Work required:
Reproduce exactly the lines from the one that holds "Taxes Are Gay" through the last line of the entries, both ends included, but not the pictures.

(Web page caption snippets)
○ ○ ○ ○ ○ ○ ○
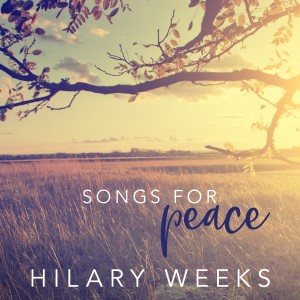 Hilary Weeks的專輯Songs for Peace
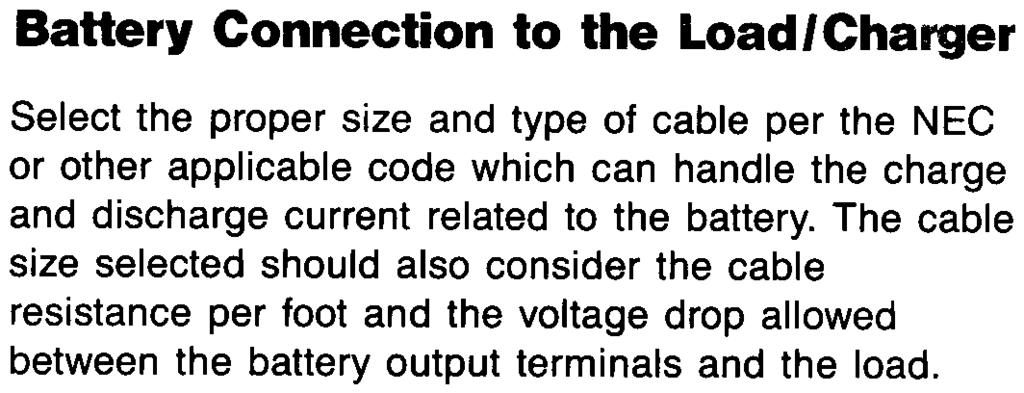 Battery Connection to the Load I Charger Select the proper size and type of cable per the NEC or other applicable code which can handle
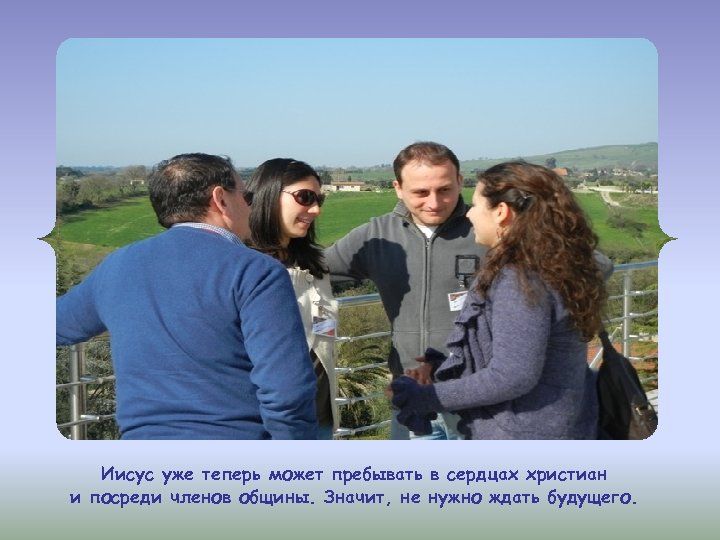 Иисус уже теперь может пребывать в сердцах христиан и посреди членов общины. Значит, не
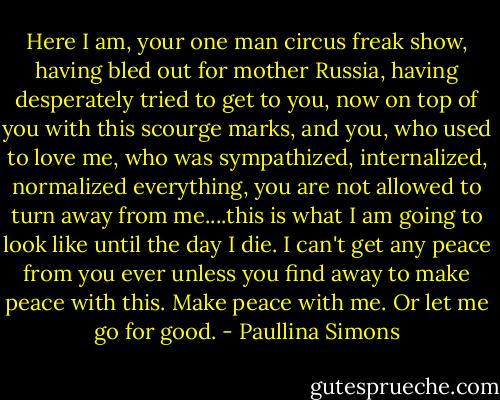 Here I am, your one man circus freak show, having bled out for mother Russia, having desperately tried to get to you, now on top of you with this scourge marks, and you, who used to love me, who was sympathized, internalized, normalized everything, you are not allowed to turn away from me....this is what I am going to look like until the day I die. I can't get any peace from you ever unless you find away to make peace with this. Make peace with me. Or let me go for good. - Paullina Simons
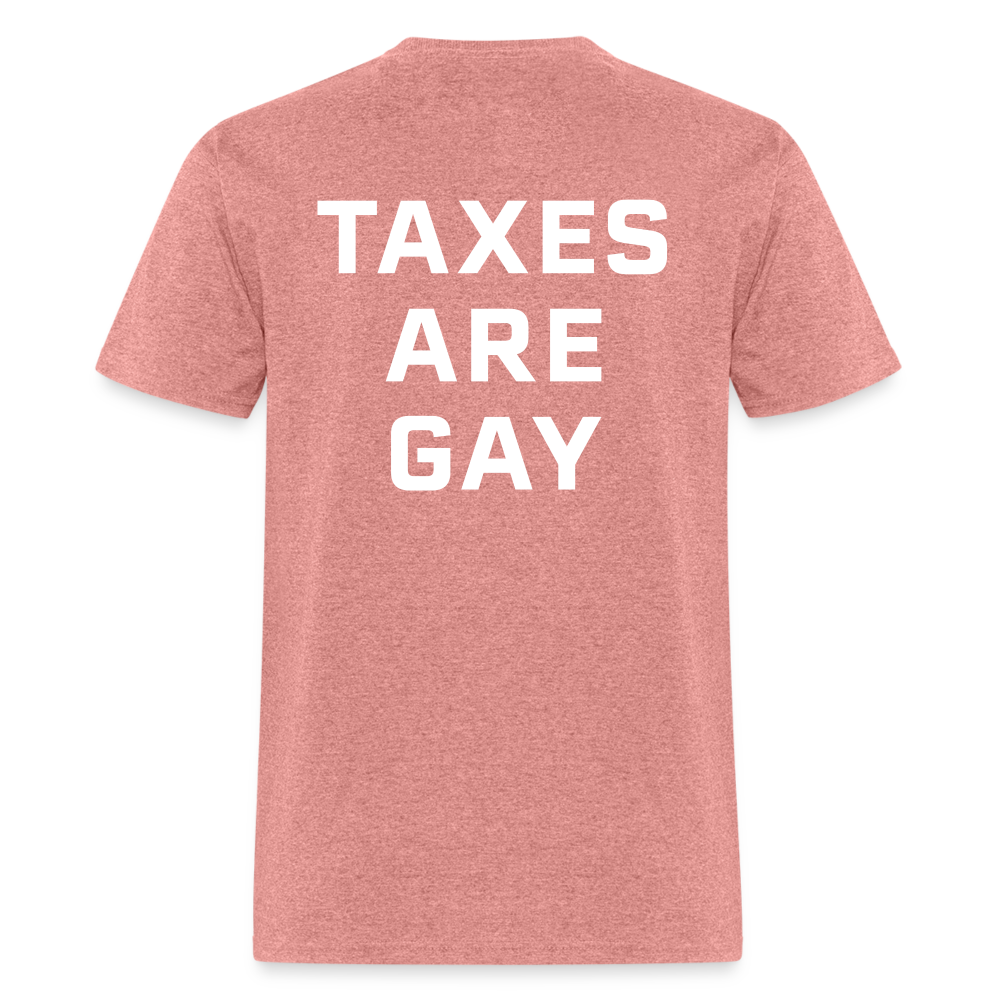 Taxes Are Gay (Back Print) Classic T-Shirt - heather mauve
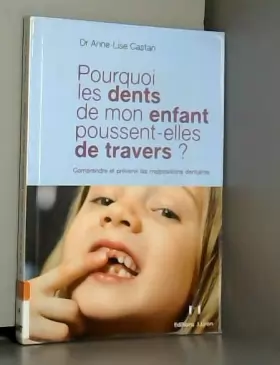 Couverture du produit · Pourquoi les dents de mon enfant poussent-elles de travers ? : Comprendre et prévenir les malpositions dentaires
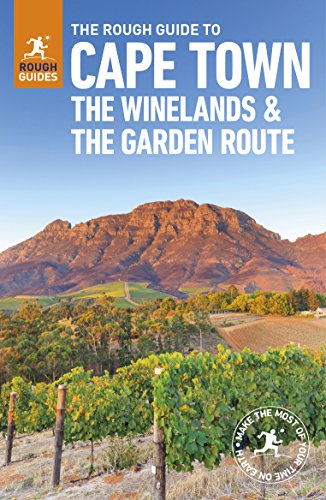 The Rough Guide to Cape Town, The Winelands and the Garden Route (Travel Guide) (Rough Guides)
○ ○ ○ ○ ○ ○ ○
Task solution:
 Taxes Are Gay (Back Print) Classic T-Shirt - heather mauve
 Couverture du produit · Pourquoi les dents de mon enfant poussent-elles de travers ? : Comprendre et prévenir les malpositions dentaires
 The Rough Guide to Cape Town, The Winelands and the Garden Route (Travel Guide) (Rough Guides)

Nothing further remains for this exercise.